Taipak dan guru Yoga : Eddy
Tatimu
(Seperti dikisahkan Bpk. Eddy Tatimu kepada Kabar Baik)
Silat! Ya, sifat dan karakter hidupku dibentuk oleh buku-buku silat Cina
yang baca. Begitu banyak. Buku-buku silat Tiongkok seperti Chi Yung atau Kho
Ping Ho itu mengandung ilmu yang sangat tinggi.
Begitu asyiknya saya membaca, sehingga menjiwai saya bahkan menguasai roh
saya. Pendeknya buku silat itu seperti belahan jiwa saya. Kalau dapat saya
katakan, buku-buku yang saya baca seperti memiliki roh. Betapa tidak, tiap kali
membaca, roh saya seperti tenggelam dalam cerita buku silat itu.
Sejak usia 16 tahun.
Sejak kecil saya sudah terbiasa dengan buku-buku silat Cina. Sebenarnya
kalau hanya sekedar baca tidak menjadi soal, sekedar untuk mengetahui. Tapi
buku-buku itu mengajarkan sebuah ilmu atau beberapa ilmu, yaitu ilmu untuk
menghilang, berjalan diatas bara api, disiram minyak mendidih dan anehnya saya
ingin sekali mempelajari, menguasai dan mem-praktekan ilmu itu.

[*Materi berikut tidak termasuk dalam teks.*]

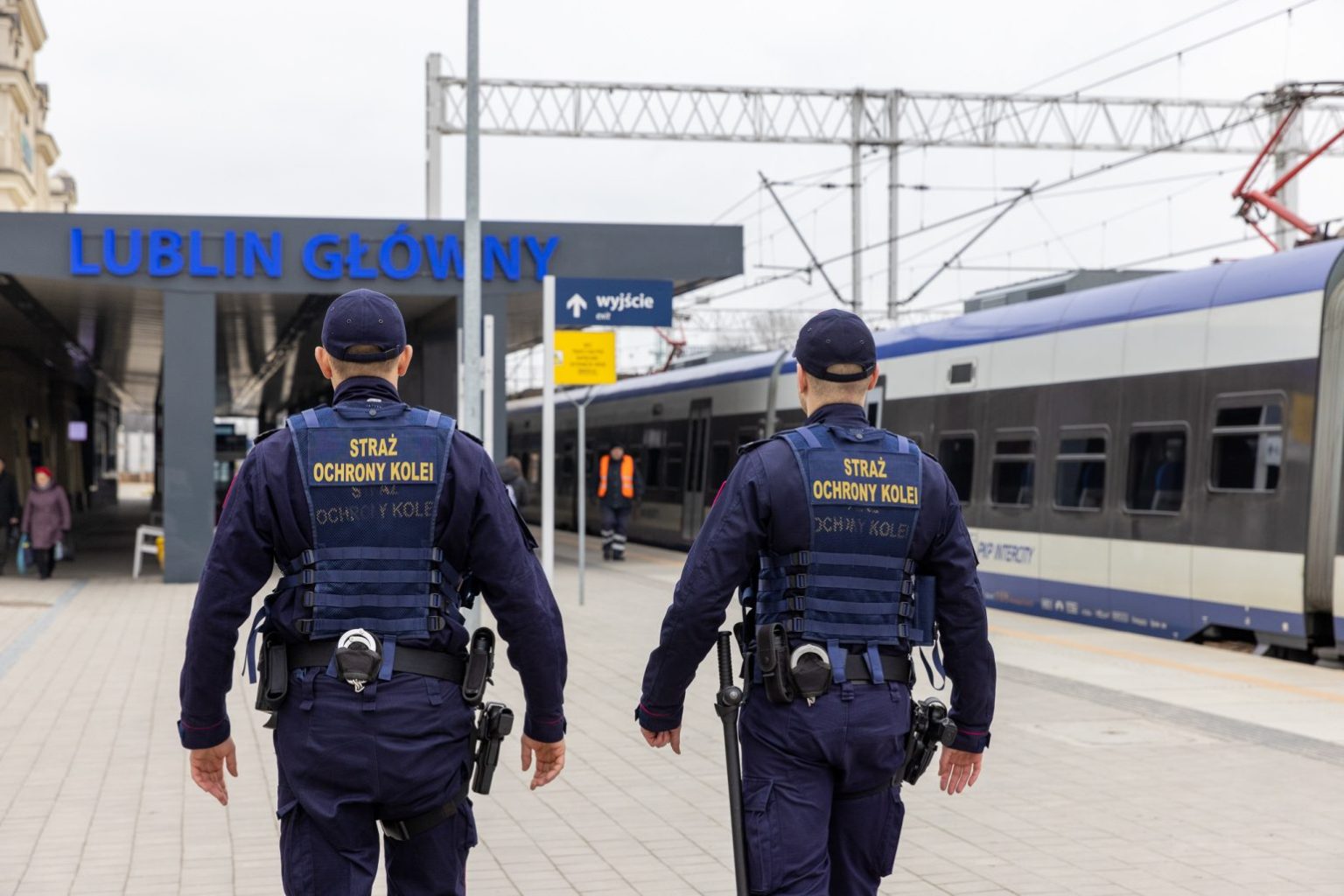 Lublin Główny. 44-latek znieważył funkcjonariuszy SOK podczas ...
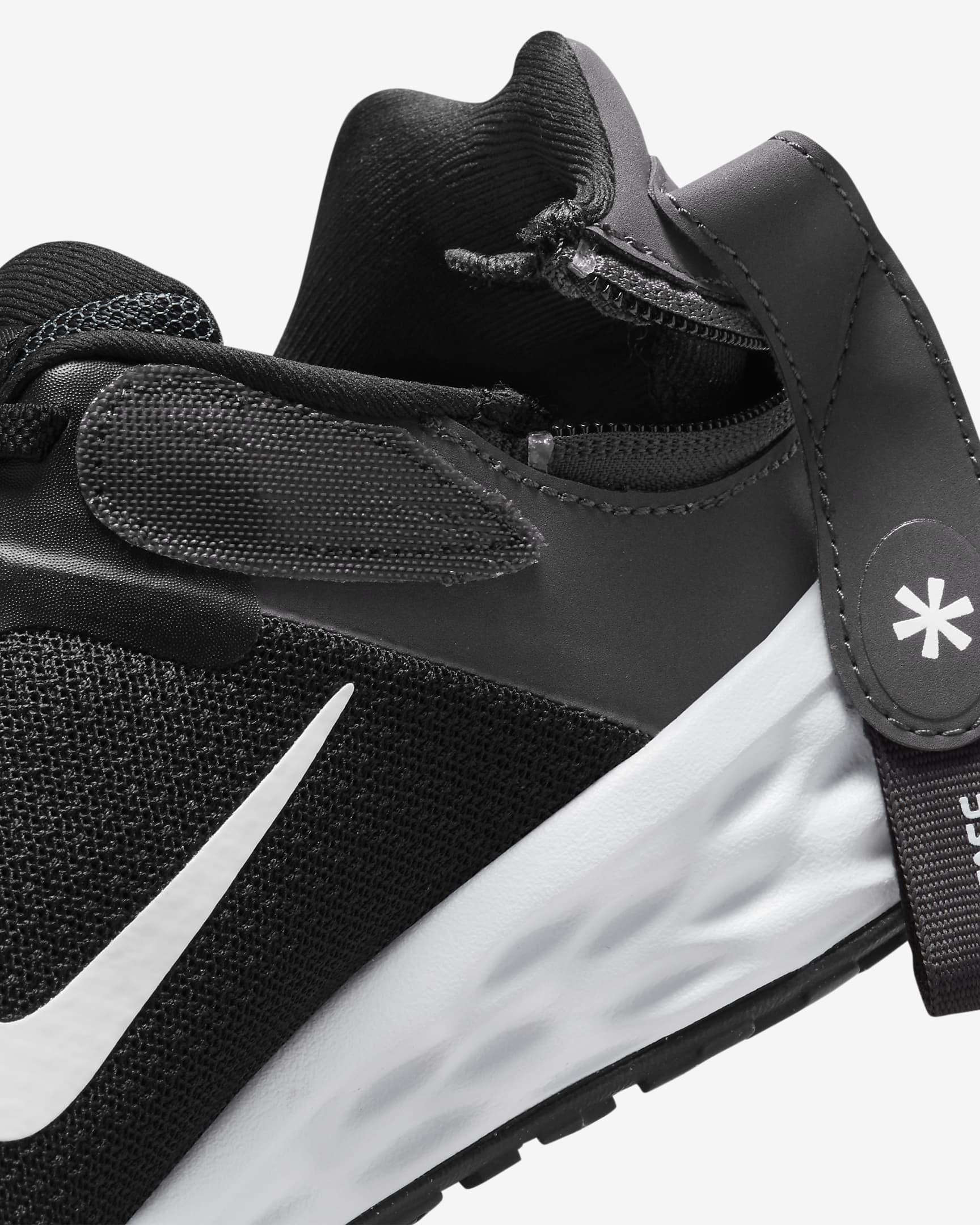 Nike Revolution 6 FlyEase Women's Easy On/Off Road Running Shoes. Nike BG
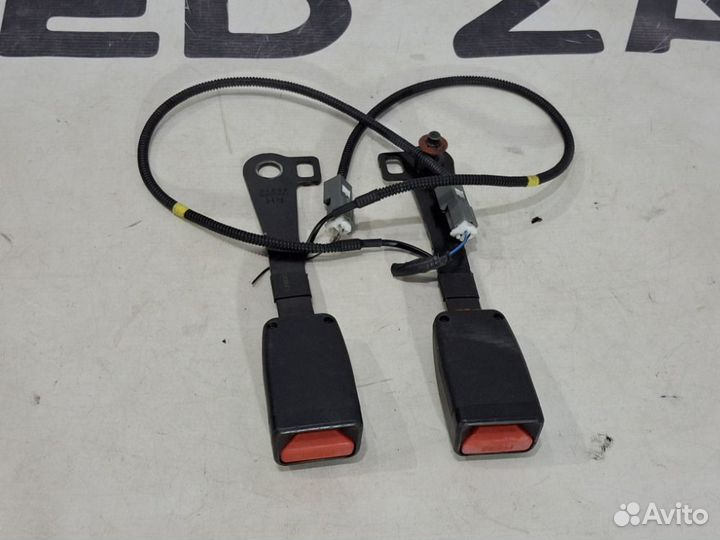 Замки ремней безопасности. Kia Ceed ED G4FA 2010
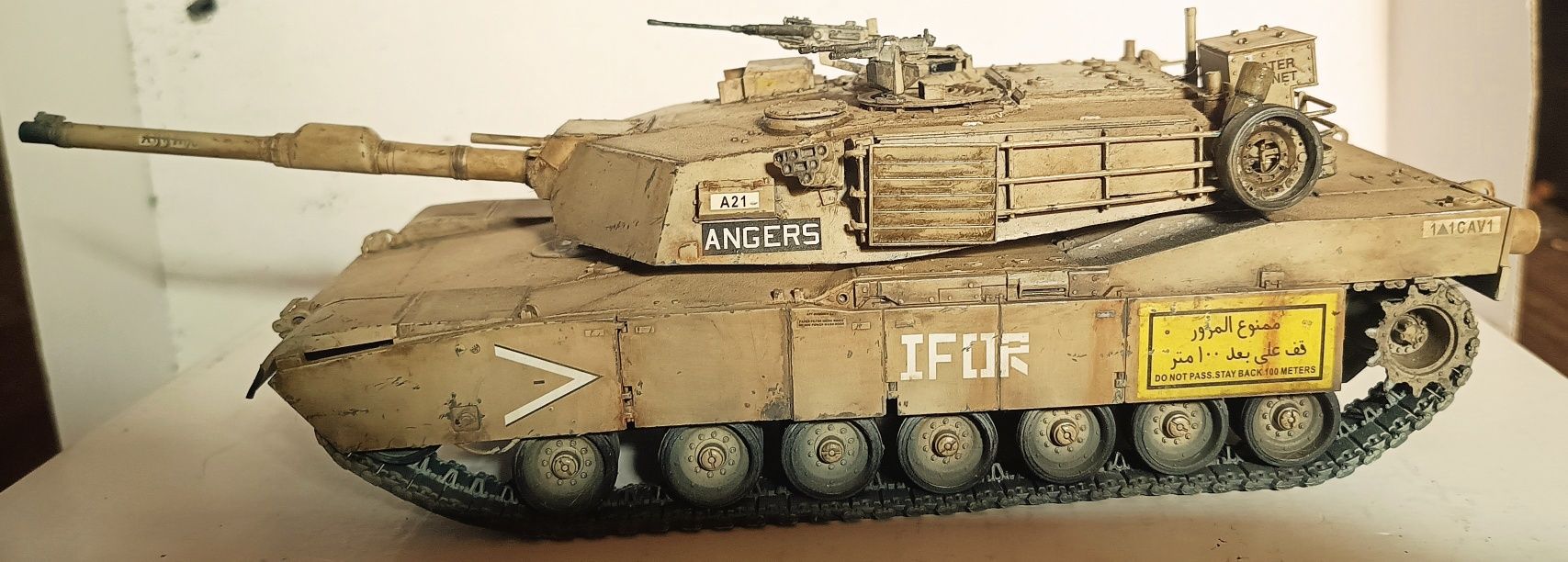 Model czołgu M1A1 Abrams 1:35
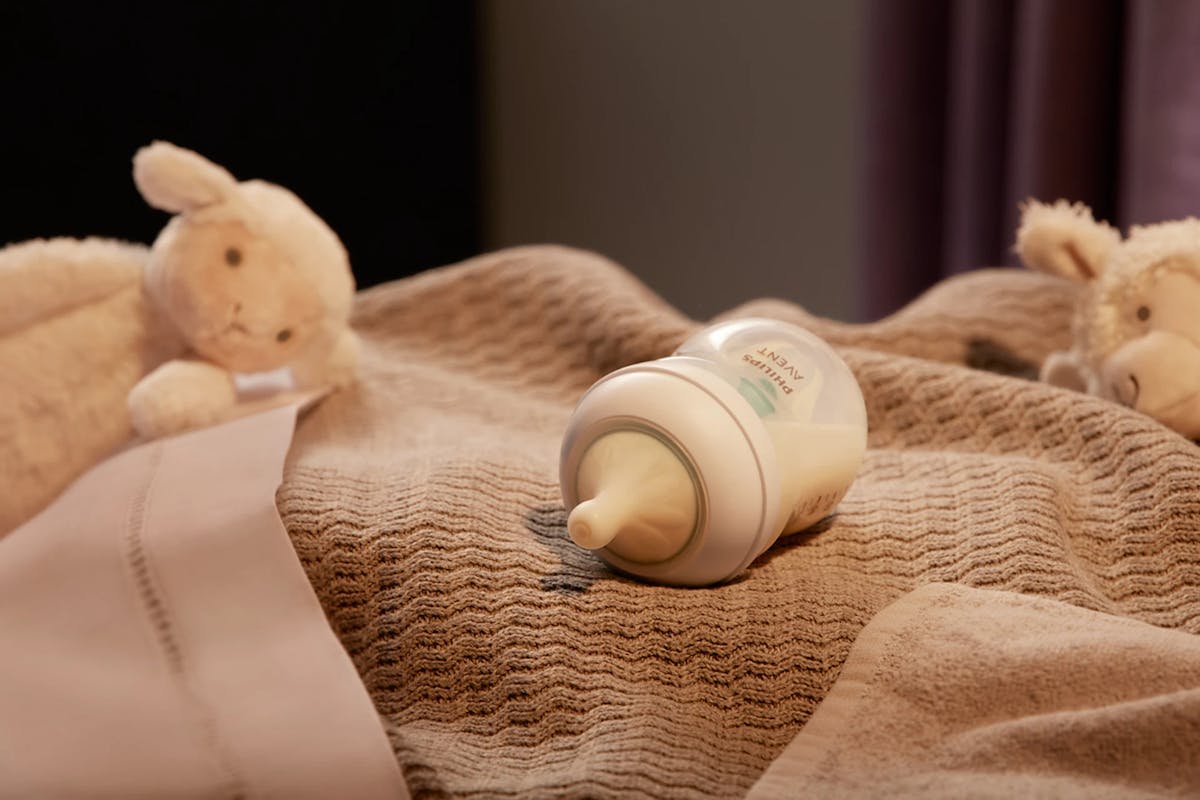 Philips Avent Natural Response Baby Bottle with Airfree Vent-9
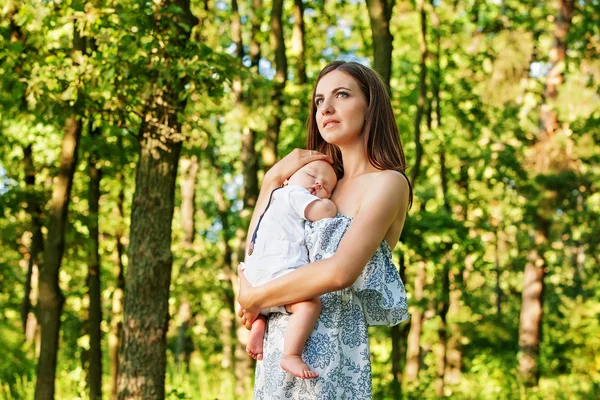 Mother with her child take rest in park — Stock Photo, Image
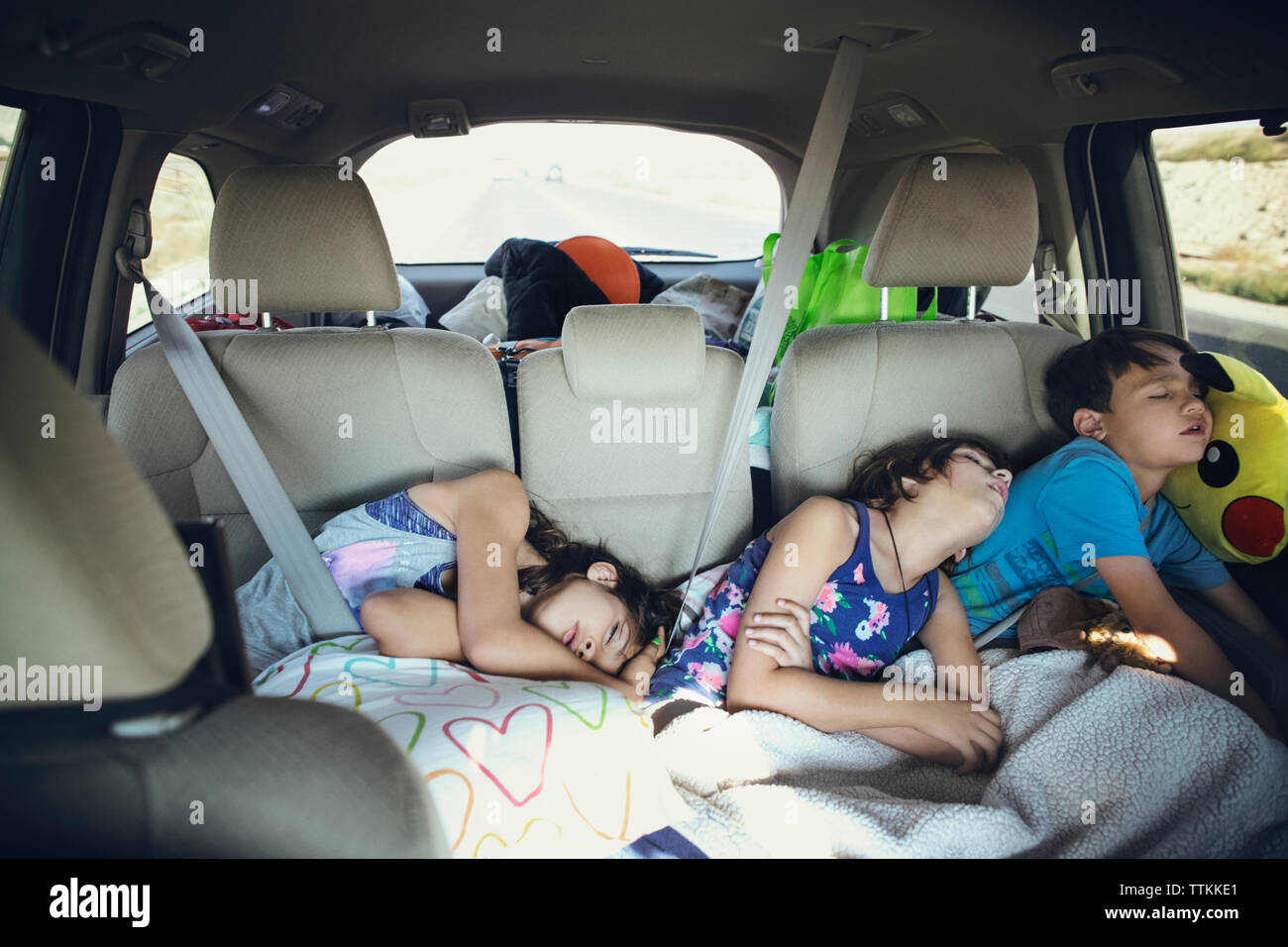 Müde Geschwister im Auto schlafen Stockfotografie - Alamy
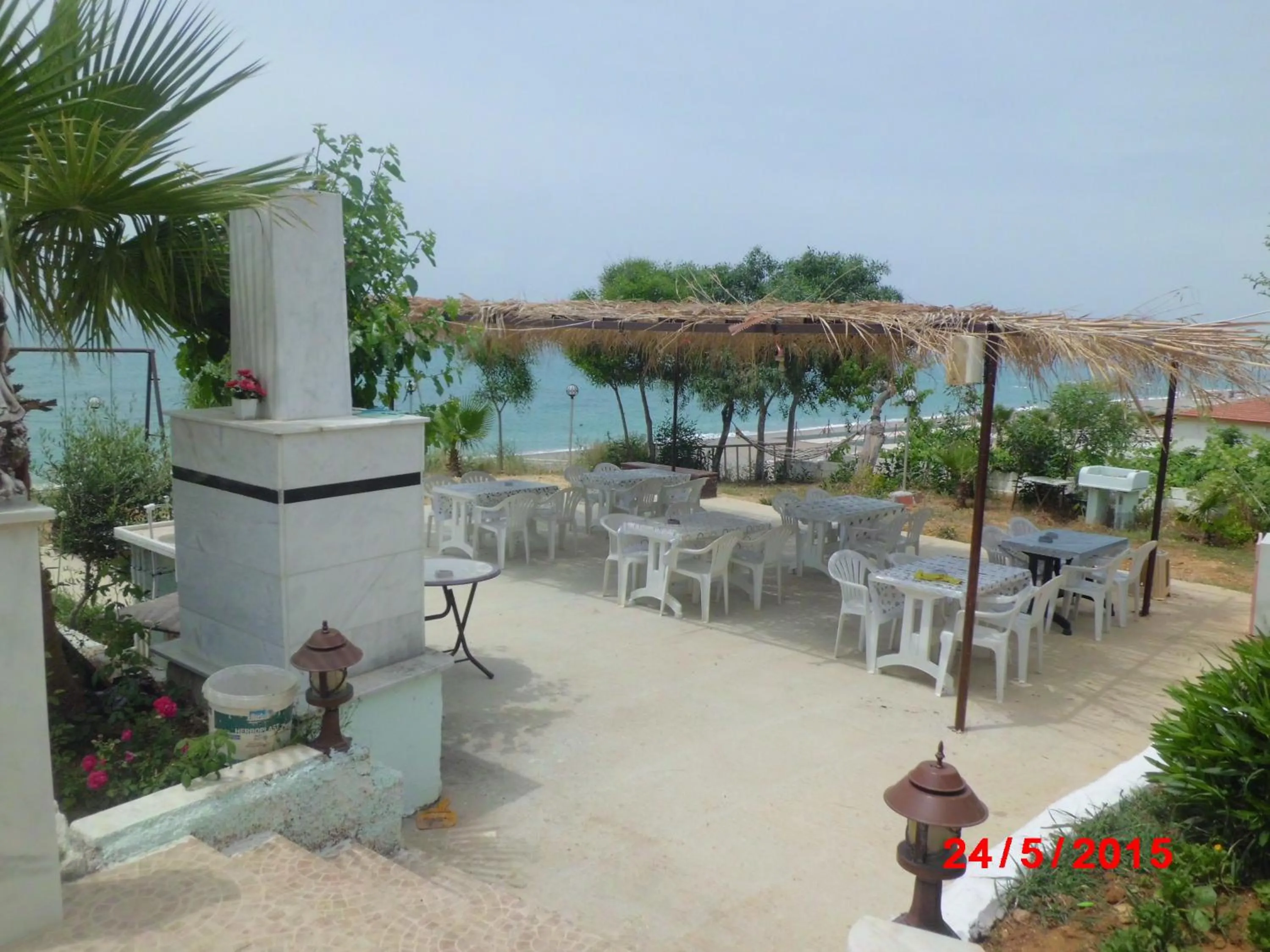 Restaurant/places to eat in Mavi Cennet Camping Caravan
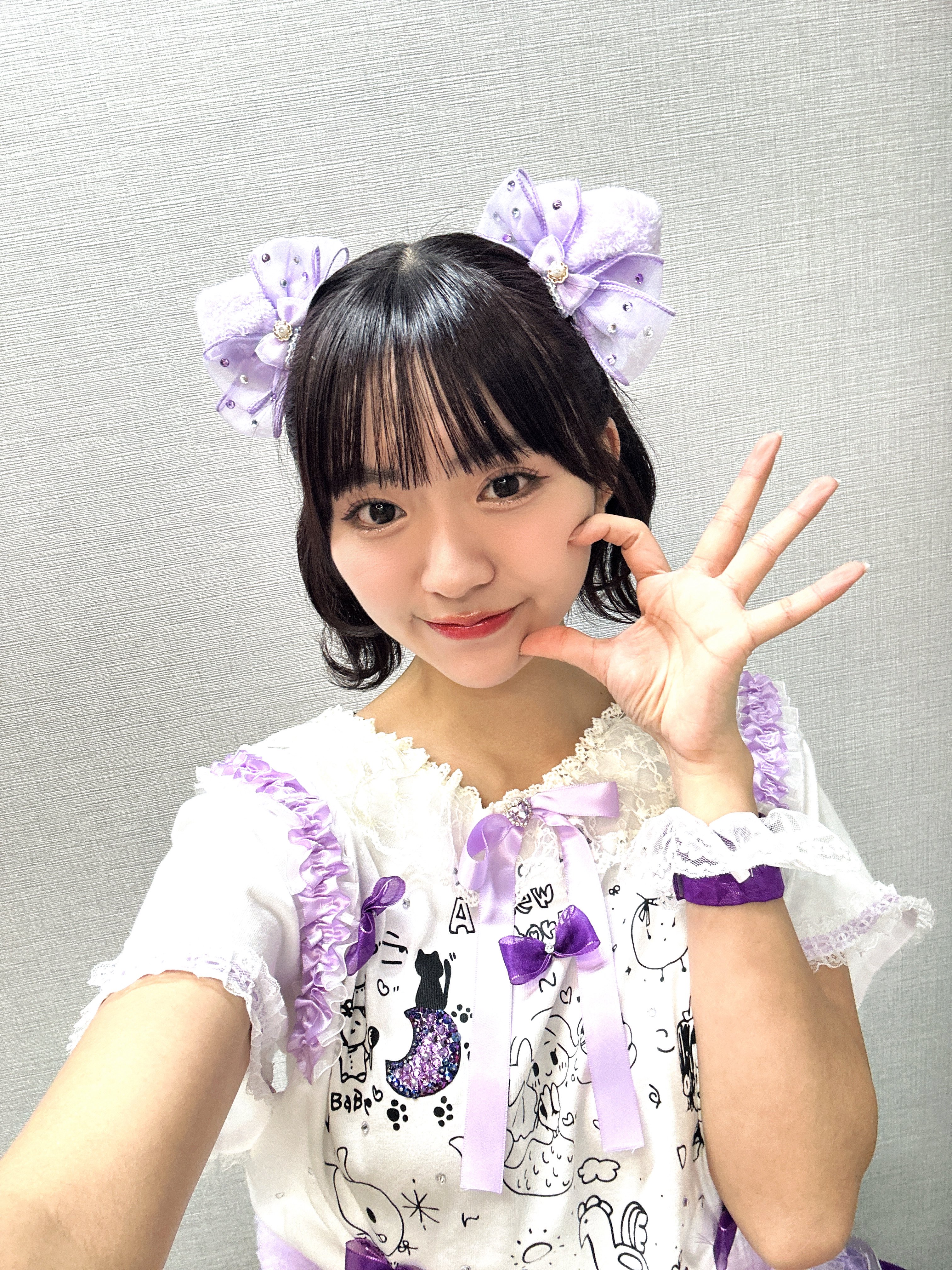 【最終値下】豊田ルナ 直筆サイン＆シリアルナンバー入り　アクリル額装ポスター サイン入り】豊田ルナ 写真パネル (直筆サイン＆直筆シリアル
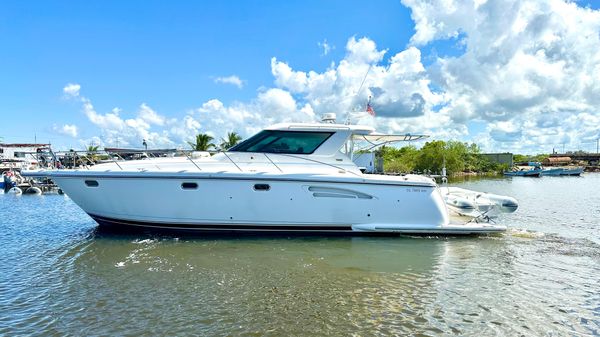 Tiara Yachts 4400 Sovran 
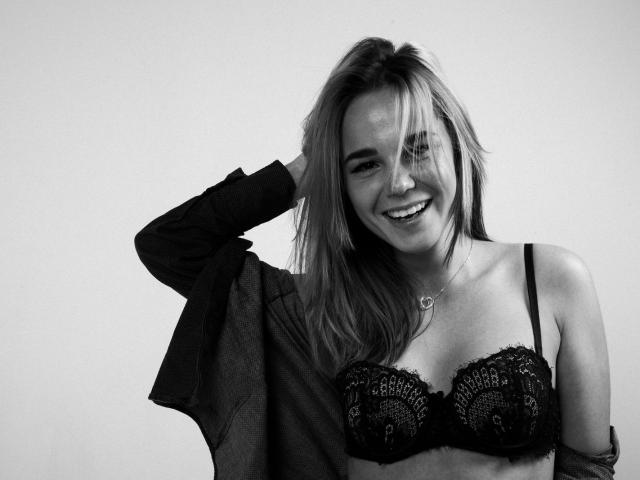 JuliaJuul - Live porn &amp; sex cam - 9125288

Untuk dapat menguasai ilmu-ilmu itu, ada beberapa syarat yang perlu
dilakukan, seperti melakukan yoga, meditasi, membaca mantra-mantra dan
permohonan doa kepada dewa-dewa.
Karena ingin menguasai ilmu, saya mulai belajar yoga dalam usia 16 tahun,
masih remaja. Ini dimulai tahun 1964, yakni ketika saya masih duduk di kelas II
SMA di Manado, Sulawesi Utara, tepatnya di sebuah Klenteng besar di kota
Manado.
Dari keluarga Budha
Saya terlahir dari keluarga Budha. Saya lahir di kota Siau, Sangir Talaud,
Sulawesi Utara, tanggal 06 Agustus 1948. Ayah bernama Ngo Gian Tiet, Ibu
bernama Suantje Tatimu. Saya sendiri adalah anak ke-5 dari enam bersaudara.
Kami semua dilahirkan dari keluarga Budha. Tetapi lama-lama kakak-kakak dan
adik saya masuk Kristen, yaitu Kristen Pantekosta kecuali saya, tetap Budha,
tentu saja bersama ke dua orang tua saya.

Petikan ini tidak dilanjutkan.